You are viewing a plain text version of this content. The canonical link for it is here.
Posted to solr-user@lucene.apache.org by "Sethi, Parampreet" <pa...@teamaol.com> on 2010/10/08 17:33:02 UTC
Accented Search in Solr
Hi All,
I am using Solr 1.3 in my project. Just wanted to know if there is any other way by which below mentioned queries will return the same results:
Gruyère-and-Zucchini
Gruyere-and-Zucchini
The first query has accented characters in it. I was just going through the Solr tokenizers and filter factories documentation, there is a filter factory listed "solr.ISOLatin1AccentFilterFactory" that can be used to replace accented characters with their non-accented counterparts.
Is there any other way to do this search which is independent of how data is stored (whether in accented or non-accented form)?
Thanks for the help.
Regards,
param
Re: Accented Search in Solr
Posted by Otis Gospodnetic <ot...@yahoo.com>.
Param,
Note that the original value will be stored even if ISOLatin1AccentFilter
removes the accept for indexing / matching purposes.
Otis
----
Sematext :: http://sematext.com/ :: Solr - Lucene - Nutch
Lucene ecosystem search :: http://search-lucene.com/
----- Original Message ----
> From: "Sethi, Parampreet" <pa...@teamaol.com>
> To: "solr-user@lucene.apache.org" <so...@lucene.apache.org>
> Sent: Fri, October 8, 2010 11:33:02 AM
> Subject: Accented Search in Solr
>
> Hi All,
>
> I am using Solr 1.3 in my project. Just wanted to know if there is any other
>way by which below mentioned queries will return the same results:
>
> Gruyère-and-Zucchini
> Gruyere-and-Zucchini
>
> The first query has accented characters in it. I was just going through the
>Solr tokenizers and filter factories documentation, there is a filter factory
>listed "solr.ISOLatin1AccentFilterFactory" that can be used to replace accented
>characters with their non-accented counterparts.
>
> Is there any other way to do this search which is independent of how data is
>stored (whether in accented or non-accented form)?
>
> Thanks for the help.
>
> Regards,
> param
>
Re: Accented Search in Solr
Posted by Erick Erickson <er...@gmail.com>.
not that I know of. Do note that whether the query has the accent filter
active or not MUST
be matched with the index-time filter. In other words, if you indexed with
the filter but
search without it or vice-versa you won't get the resultsyou expect.

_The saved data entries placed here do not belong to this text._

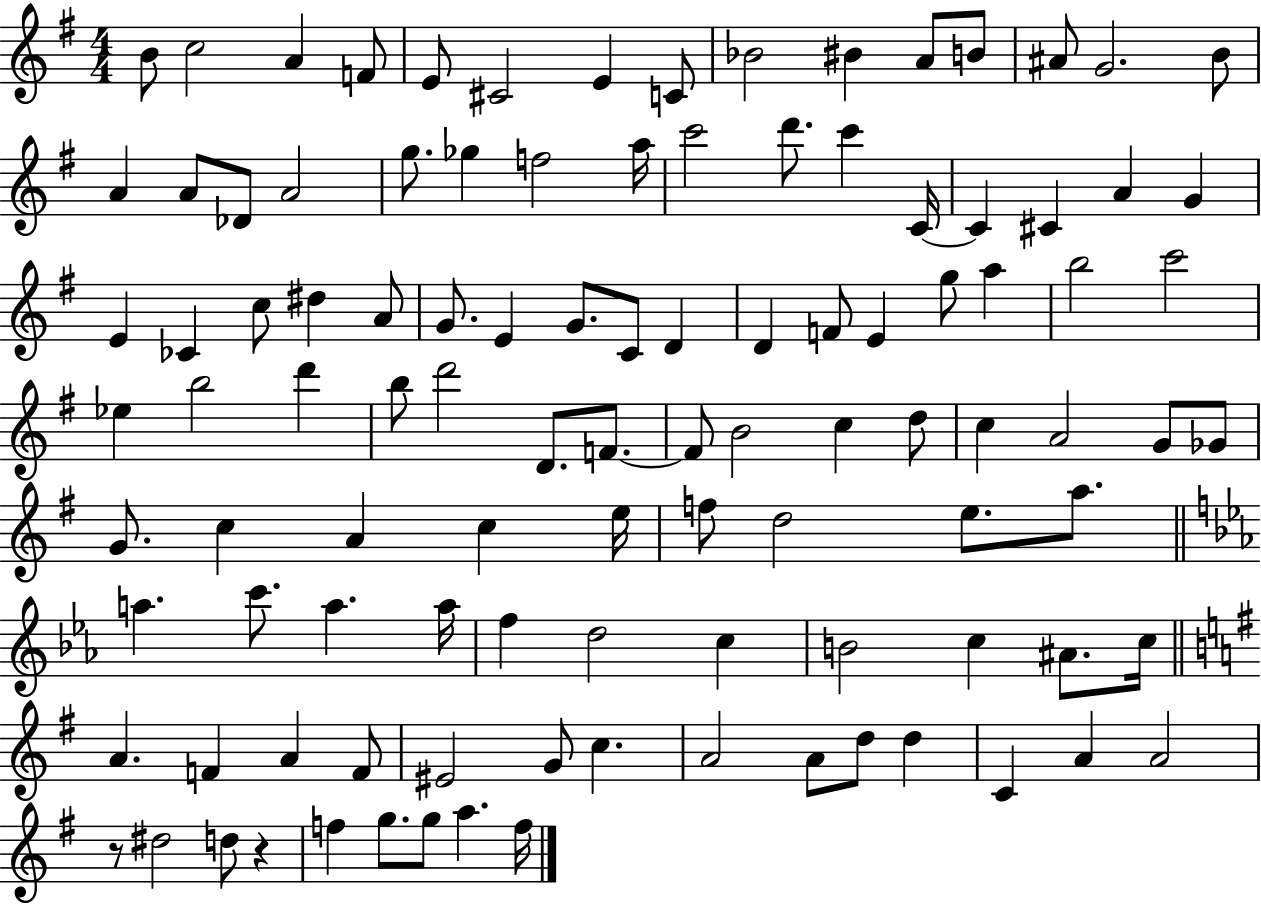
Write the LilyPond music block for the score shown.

{
  \clef treble
  \numericTimeSignature
  \time 4/4
  \key g \major
  \repeat volta 2 { b'8 c''2 a'4 f'8 | e'8 cis'2 e'4 c'8 | bes'2 bis'4 a'8 b'8 | ais'8 g'2. b'8 | \break a'4 a'8 des'8 a'2 | g''8. ges''4 f''2 a''16 | c'''2 d'''8. c'''4 c'16~~ | c'4 cis'4 a'4 g'4 | \break e'4 ces'4 c''8 dis''4 a'8 | g'8. e'4 g'8. c'8 d'4 | d'4 f'8 e'4 g''8 a''4 | b''2 c'''2 | \break ees''4 b''2 d'''4 | b''8 d'''2 d'8. f'8.~~ | f'8 b'2 c''4 d''8 | c''4 a'2 g'8 ges'8 | \break g'8. c''4 a'4 c''4 e''16 | f''8 d''2 e''8. a''8. | \bar "||" \break \key c \minor a''4. c'''8. a''4. a''16 | f''4 d''2 c''4 | b'2 c''4 ais'8. c''16 | \bar "||" \break \key g \major a'4. f'4 a'4 f'8 | eis'2 g'8 c''4. | a'2 a'8 d''8 d''4 | c'4 a'4 a'2 | \break r8 dis''2 d''8 r4 | f''4 g''8. g''8 a''4. f''16 | } \bar "|."
}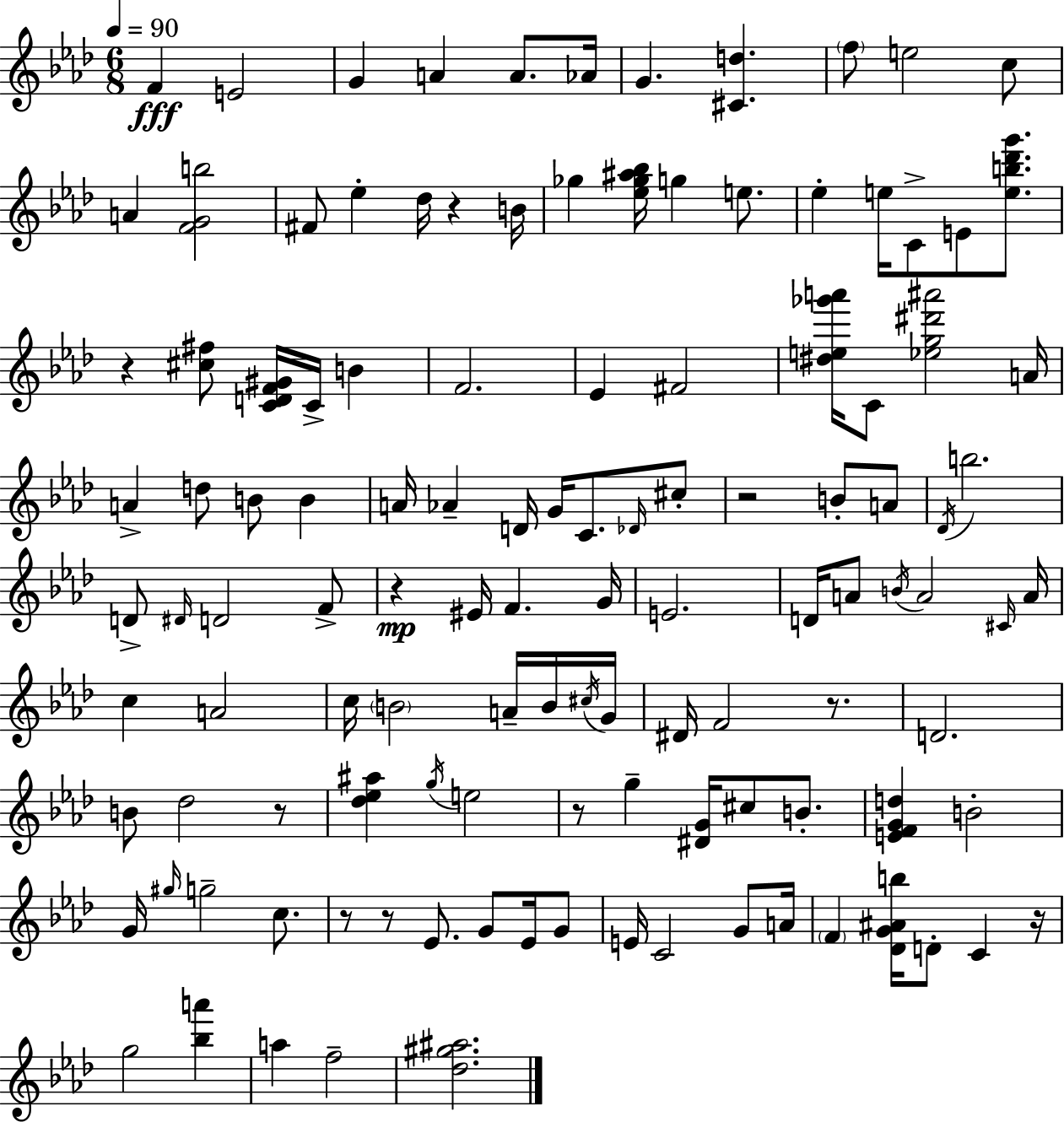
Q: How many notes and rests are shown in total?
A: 119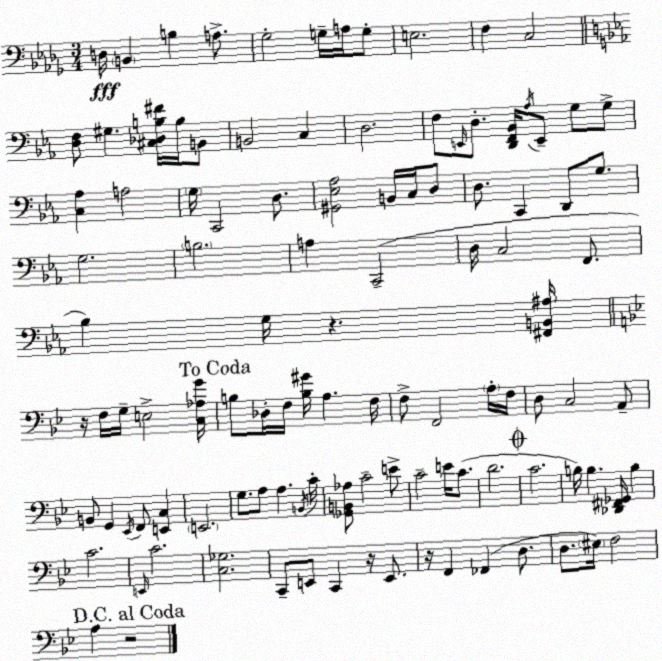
X:1
T:Untitled
M:3/4
L:1/4
K:Bbm
D,/4 B,, B, A,/2 _G,2 G,/4 A,/4 G,/2 E,2 F, C,2 [D,F,]/2 ^G, [^C,_D,B,^F]/4 B,/4 B,,/2 B,,2 C, D,2 F,/2 E,,/4 D,/2 [D,,F,,_B,,]/4 _A,/4 E,,/2 G,/2 G,/2 [C,_A,] A,2 G,/4 C,,2 D,/2 [^G,,_E,_A,]2 B,,/4 C,/4 D,/2 D,/2 C,, D,,/2 G,/2 G,2 B,2 A, C,,2 D,/4 C,2 F,,/2 _B, G,/4 z [^F,,B,,^A,]/4 z/4 F,/4 G,/4 E,2 [C,_A,G]/4 B,/2 _D,/4 F,/4 [B,^G]/4 A, F,/4 F,/2 F,,2 A,/4 F,/4 D,/2 C,2 A,,/2 B,,/2 G,, _E,,/4 F,,/2 [E,,C,] E,,2 G,/2 A,/2 A, B,,/4 C/4 [_G,,B,,_A,]/2 C2 E/2 C2 E/4 C/2 D2 C2 B,/4 B, [_D,,^F,,_G,,]/4 B, C2 E,,/4 C2 [C,_G,]2 C,,/2 E,,/2 C,, z/4 E,,/2 z/4 F,, _F,, D,/2 D,/2 ^E,/4 F,2 A, z2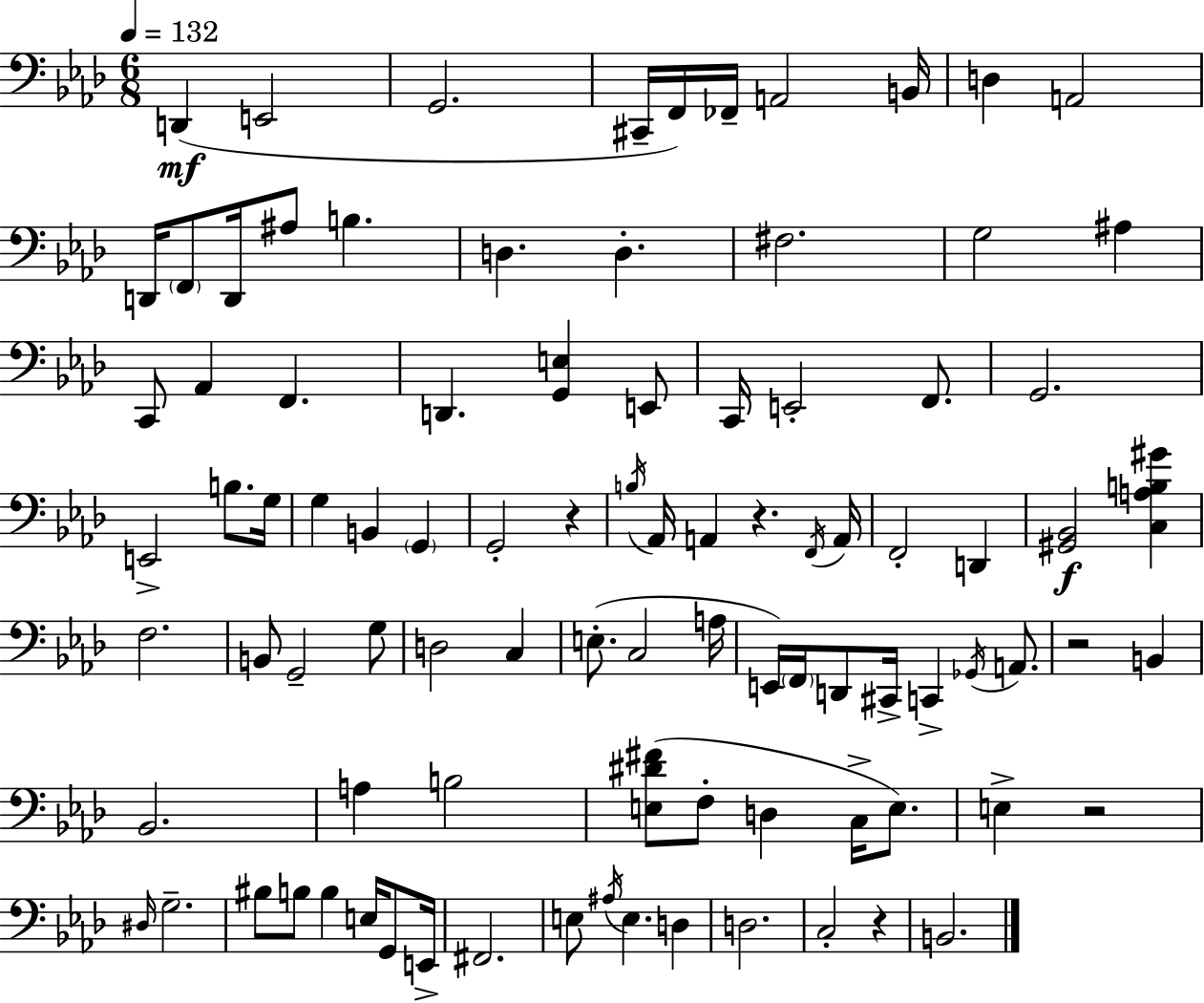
{
  \clef bass
  \numericTimeSignature
  \time 6/8
  \key f \minor
  \tempo 4 = 132
  d,4(\mf e,2 | g,2. | cis,16-- f,16) fes,16-- a,2 b,16 | d4 a,2 | \break d,16 \parenthesize f,8 d,16 ais8 b4. | d4. d4.-. | fis2. | g2 ais4 | \break c,8 aes,4 f,4. | d,4. <g, e>4 e,8 | c,16 e,2-. f,8. | g,2. | \break e,2-> b8. g16 | g4 b,4 \parenthesize g,4 | g,2-. r4 | \acciaccatura { b16 } aes,16 a,4 r4. | \break \acciaccatura { f,16 } a,16 f,2-. d,4 | <gis, bes,>2\f <c a b gis'>4 | f2. | b,8 g,2-- | \break g8 d2 c4 | e8.-.( c2 | a16 e,16) \parenthesize f,16 d,8 cis,16-> c,4-> \acciaccatura { ges,16 } | a,8. r2 b,4 | \break bes,2. | a4 b2 | <e dis' fis'>8( f8-. d4 c16-> | e8.) e4-> r2 | \break \grace { dis16 } g2.-- | bis8 b8 b4 | e16 g,8 e,16-> fis,2. | e8 \acciaccatura { ais16 } e4. | \break d4 d2. | c2-. | r4 b,2. | \bar "|."
}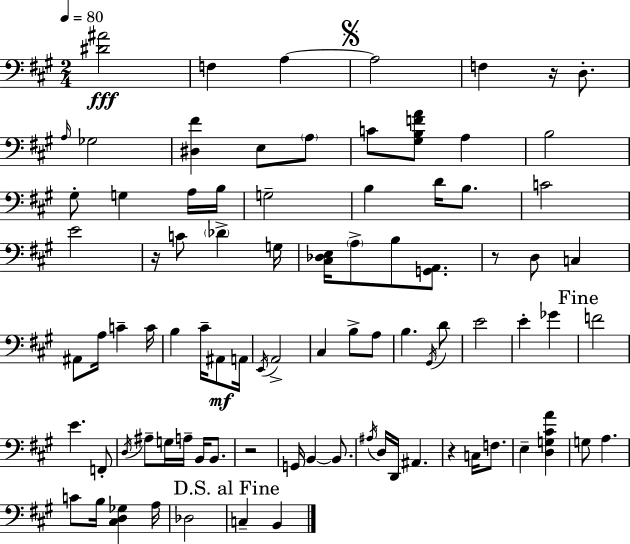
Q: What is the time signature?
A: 2/4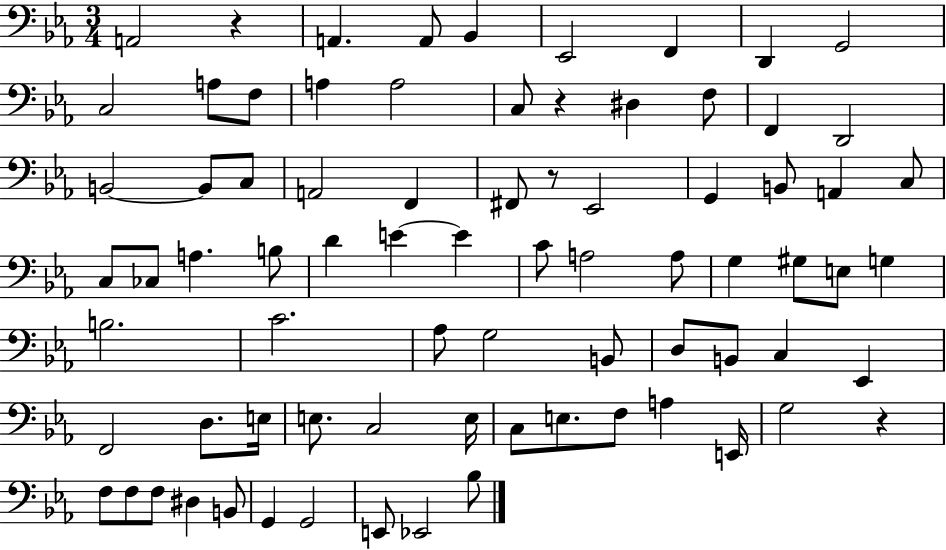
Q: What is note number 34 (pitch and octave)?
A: D4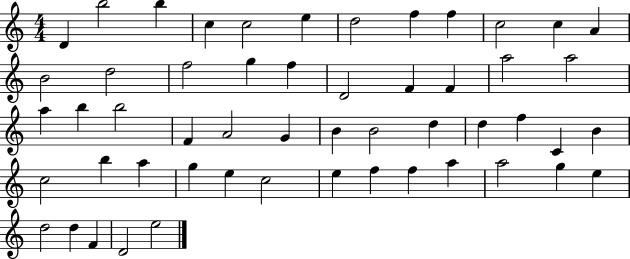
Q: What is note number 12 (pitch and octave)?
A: A4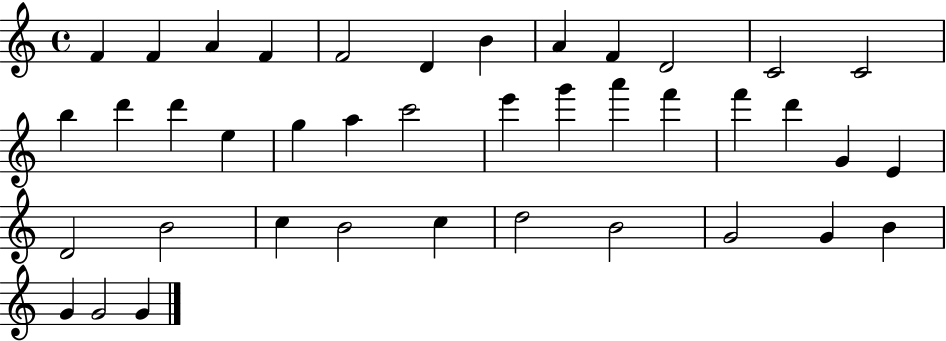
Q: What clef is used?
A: treble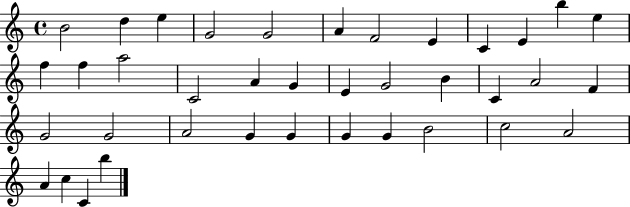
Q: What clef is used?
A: treble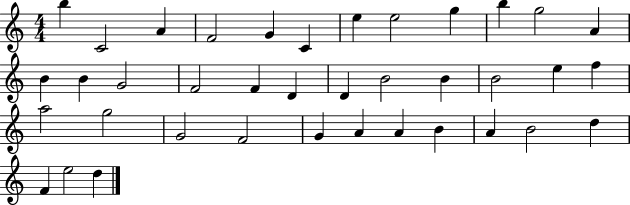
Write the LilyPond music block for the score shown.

{
  \clef treble
  \numericTimeSignature
  \time 4/4
  \key c \major
  b''4 c'2 a'4 | f'2 g'4 c'4 | e''4 e''2 g''4 | b''4 g''2 a'4 | \break b'4 b'4 g'2 | f'2 f'4 d'4 | d'4 b'2 b'4 | b'2 e''4 f''4 | \break a''2 g''2 | g'2 f'2 | g'4 a'4 a'4 b'4 | a'4 b'2 d''4 | \break f'4 e''2 d''4 | \bar "|."
}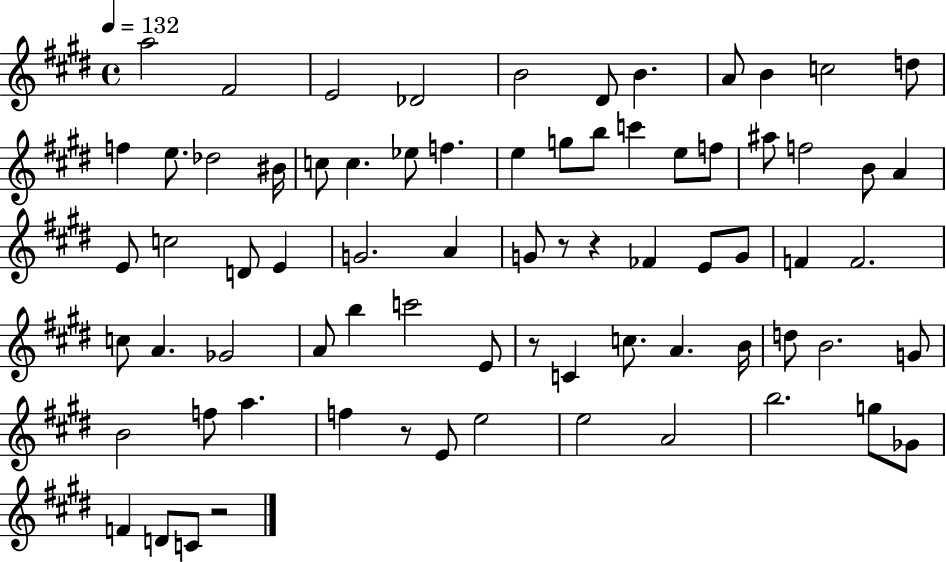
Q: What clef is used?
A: treble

Also note that no matter what, the original text (without the filter
applied) is what's #stored#
untokenized. This is entirely independent of what's #indexed# for all that
these options are
specified for the same field.
If this is irrelevant, what are you really trying to accomplish? This may be
an "xy" problem, see:
http://people.apache.org/~hossman/#xyproblem
<http://people.apache.org/~hossman/#xyproblem>
Your question appears to be an "XY Problem" ... that is: you are dealing
with "X", you are assuming "Y" will help you, and you are asking about "Y"
without giving more details about the "X" so that we can understand the
full issue. Perhaps the best solution doesn't involve "Y" at all?
See Also: http://www.perlmonks.org/index.pl?node_id=542341
Erick
On Fri, Oct 8, 2010 at 11:33 AM, Sethi, Parampreet <
parampreet.sethi@teamaol.com> wrote:
> Hi All,
>
> I am using Solr 1.3 in my project. Just wanted to know if there is any
> other way by which below mentioned queries will return the same results:
>
> Gruyère-and-Zucchini
> Gruyere-and-Zucchini
>
> The first query has accented characters in it. I was just going through the
> Solr tokenizers and filter factories documentation, there is a filter
> factory listed "solr.ISOLatin1AccentFilterFactory" that can be used to
> replace accented characters with their non-accented counterparts.
>
> Is there any other way to do this search which is independent of how data
> is stored (whether in accented or non-accented form)?
>
> Thanks for the help.
>
> Regards,
> param
>
Re: Accented Search in Solr
Posted by Chris Hostetter <ho...@fucit.org>.
: Subject: Accented Search in Solr
: References: <AA...@mail.gmail.com>
: In-Reply-To: <AA...@mail.gmail.com>
http://people.apache.org/~hossman/#threadhijack
Thread Hijacking on Mailing Lists
When starting a new discussion on a mailing list, please do not reply to
an existing message, instead start a fresh email. Even if you change the
subject line of your email, other mail headers still track which thread
you replied to and your question is "hidden" in that thread and gets less
attention. It makes following discussions in the mailing list archives
particularly difficult.
See Also: http://en.wikipedia.org/wiki/User:DonDiego/Thread_hijacking
-Hoss